WHAT THE TASK REQUIRES: Below are records; from the line containing "1FTYE2Y88PKA16536 2023 FORD" through the very last line, output each line exactly. No pictures.

#### SUPPLIED RECORDS ####

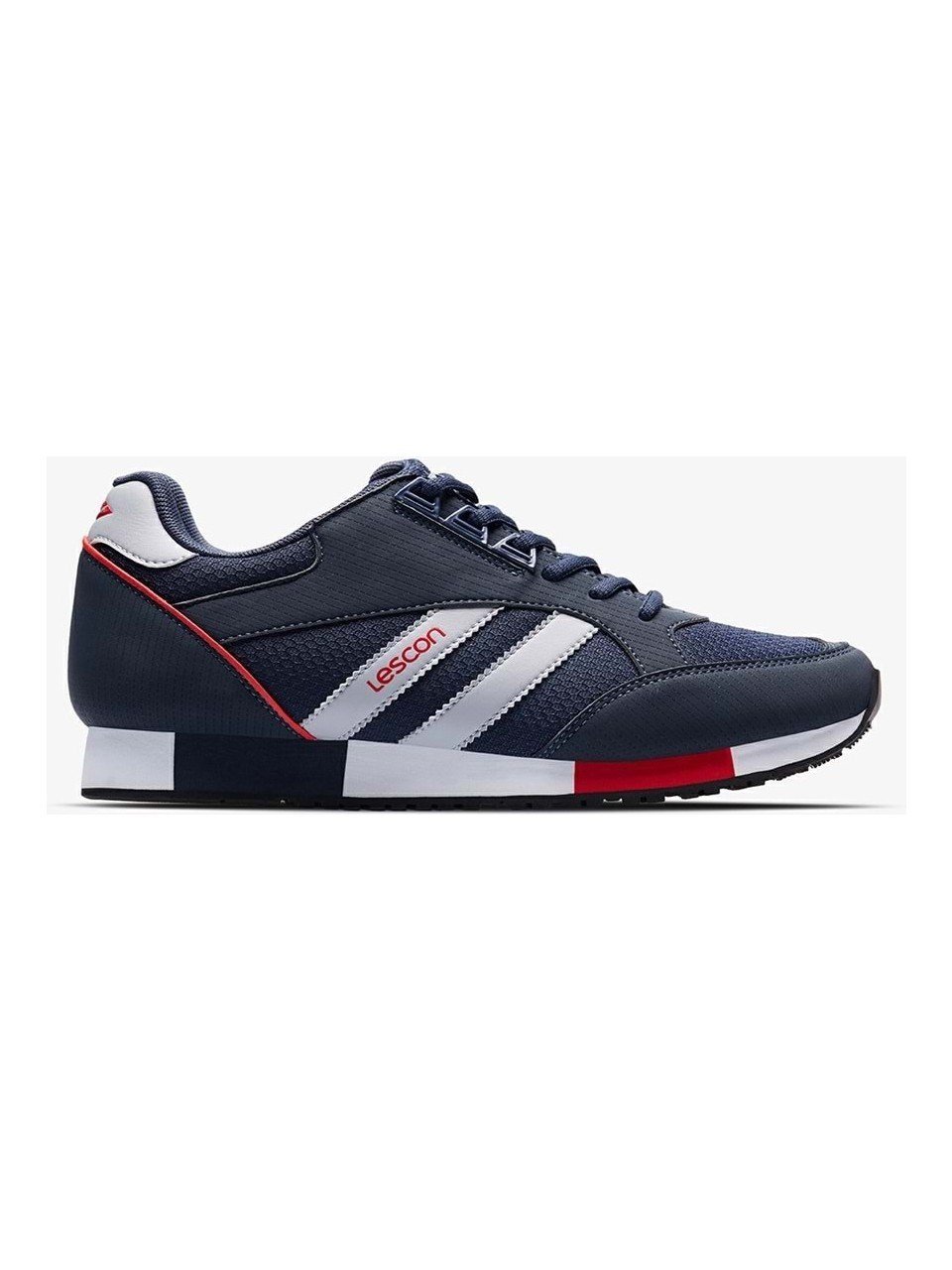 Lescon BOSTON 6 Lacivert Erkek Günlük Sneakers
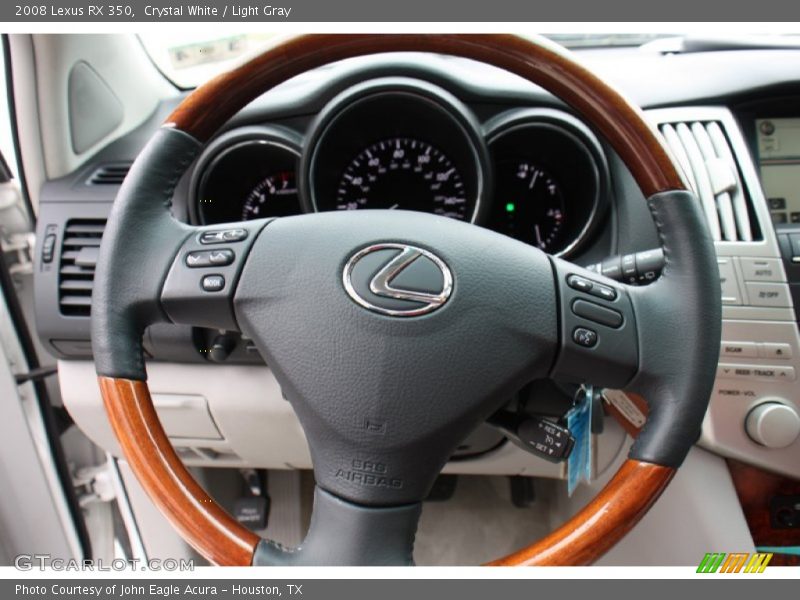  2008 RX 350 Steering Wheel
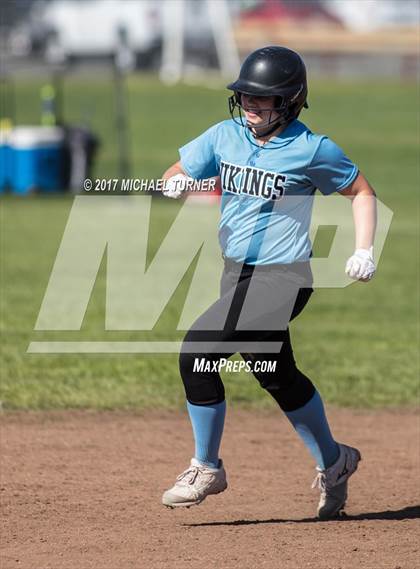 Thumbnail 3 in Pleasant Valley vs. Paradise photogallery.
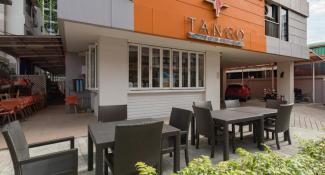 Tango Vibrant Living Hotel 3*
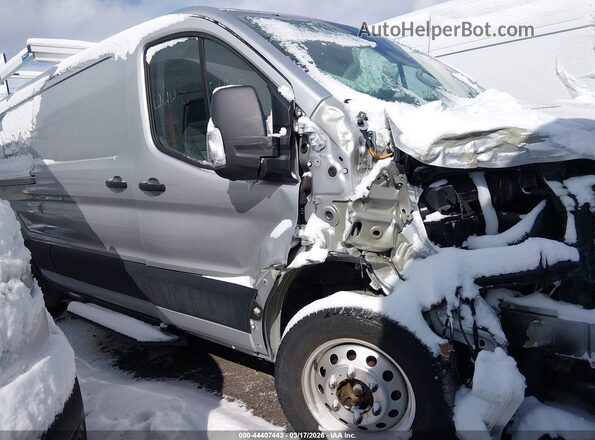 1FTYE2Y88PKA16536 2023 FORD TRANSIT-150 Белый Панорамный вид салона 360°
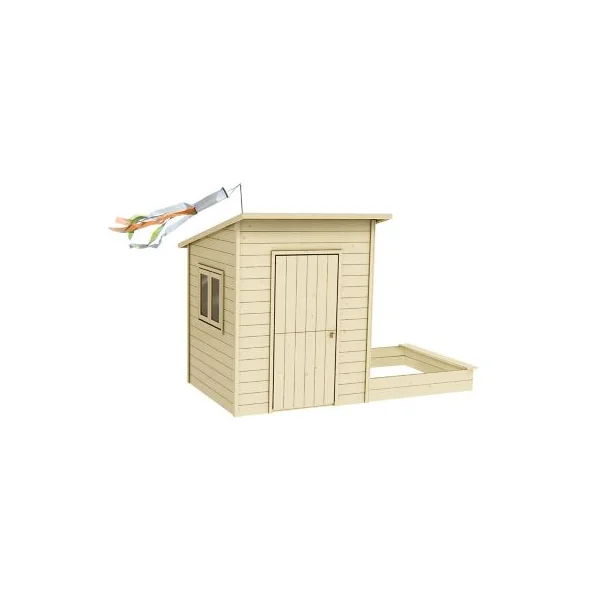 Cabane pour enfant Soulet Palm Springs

####

RESULT:
 1FTYE2Y88PKA16536 2023 FORD TRANSIT-150 Белый Панорамный вид салона 360°
 Cabane pour enfant Soulet Palm Springs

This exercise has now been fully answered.